When Carrie Marker started at Dechert four and a half years ago, it was part of a larger talent initiative aimed at making sure the firm is known for a "supportive, high-performance culture." Marker, whose title is associate development counselor, used her social work background to help craft how her new role should work, placing a heavy emphasis on confidentiality.

She initially set up shop in a glass-windowed office at the end of a central staircase but found her office was often empty. No one wanted to see her there because everyone else could see in. As the firm's new in-house career coach, responsible for everything from helping new lawyers learn the nuances of partner politics to helping them find a new job, her work could be a bit sensitive.

Now Marker is in a renovated file room away from any partner offices, and business has picked up quite a bit.
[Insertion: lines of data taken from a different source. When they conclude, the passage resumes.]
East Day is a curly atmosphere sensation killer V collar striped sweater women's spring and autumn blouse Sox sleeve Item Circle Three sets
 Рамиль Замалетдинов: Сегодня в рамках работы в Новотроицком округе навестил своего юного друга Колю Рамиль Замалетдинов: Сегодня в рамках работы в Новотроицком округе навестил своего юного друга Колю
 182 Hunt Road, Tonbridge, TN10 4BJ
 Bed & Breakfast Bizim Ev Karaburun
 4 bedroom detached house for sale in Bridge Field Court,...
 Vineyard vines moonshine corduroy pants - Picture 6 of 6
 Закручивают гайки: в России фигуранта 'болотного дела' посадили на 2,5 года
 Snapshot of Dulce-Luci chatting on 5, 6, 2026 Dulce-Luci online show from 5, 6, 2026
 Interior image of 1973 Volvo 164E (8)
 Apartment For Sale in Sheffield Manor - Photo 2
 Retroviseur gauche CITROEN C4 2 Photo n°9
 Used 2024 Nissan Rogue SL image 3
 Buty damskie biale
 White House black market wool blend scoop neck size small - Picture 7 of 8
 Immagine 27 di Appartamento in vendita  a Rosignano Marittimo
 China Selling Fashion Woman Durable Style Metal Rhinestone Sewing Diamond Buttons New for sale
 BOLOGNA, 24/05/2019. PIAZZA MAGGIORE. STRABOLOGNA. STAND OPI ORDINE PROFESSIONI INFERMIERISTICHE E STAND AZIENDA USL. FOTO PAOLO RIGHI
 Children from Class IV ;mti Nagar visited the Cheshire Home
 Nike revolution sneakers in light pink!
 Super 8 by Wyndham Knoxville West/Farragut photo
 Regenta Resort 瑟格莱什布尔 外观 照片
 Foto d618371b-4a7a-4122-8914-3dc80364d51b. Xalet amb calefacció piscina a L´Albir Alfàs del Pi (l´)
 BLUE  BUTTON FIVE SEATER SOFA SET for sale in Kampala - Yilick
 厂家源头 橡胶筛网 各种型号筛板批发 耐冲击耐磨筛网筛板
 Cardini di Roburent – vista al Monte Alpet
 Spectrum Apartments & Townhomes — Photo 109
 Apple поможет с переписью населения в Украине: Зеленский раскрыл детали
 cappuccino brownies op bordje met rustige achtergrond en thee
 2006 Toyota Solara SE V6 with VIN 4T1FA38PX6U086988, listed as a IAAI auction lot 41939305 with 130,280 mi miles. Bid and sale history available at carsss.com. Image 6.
She estimates she has met with about 50 percent of the firm's U.S. lawyers and helped about 120 to 150 lawyers leave the firm. Her aim, she says, is to help lawyers make informed decisions about their careers. "I don't want you running away from this position, I want you running toward a position," she tells her advisees. "If you want to leave, I will help you." Dechert is part of a small group of large law firms offering the services of an in-house career coach. The job is different at each of the couple of dozen or so firms that have it, but the services typically range from helping their attorneys figure out how to juggle a new baby and billable hour requirements to how to negotiate a better salary at a new company.

A number of factors, from the millennial generation's desire for individualized feedback to a growing interest in placing lawyers with clients, make it likely other firms will follow suit, the coaches say.

Internal career coaches date back as much as a decade at some firms and are recent additions in others. At most firms, these coaches were practicing lawyers first before moving into the career coach role, experience they say gives them morecredibility with the attorneys. Coaches typically work under the growing talent development arms of law firms, and some have coaching certificates from the likes of the International Coaching Federation or come to the role with social work experience.

The job often started with a focus on U.S. associates and expanded to include more senior lawyers across any of a firm's offices. As their roles have matured, career coaches have overcome several initial hurdles, with partners becoming more willing to invest in the positions and attorneys growing more comfortable with using their services.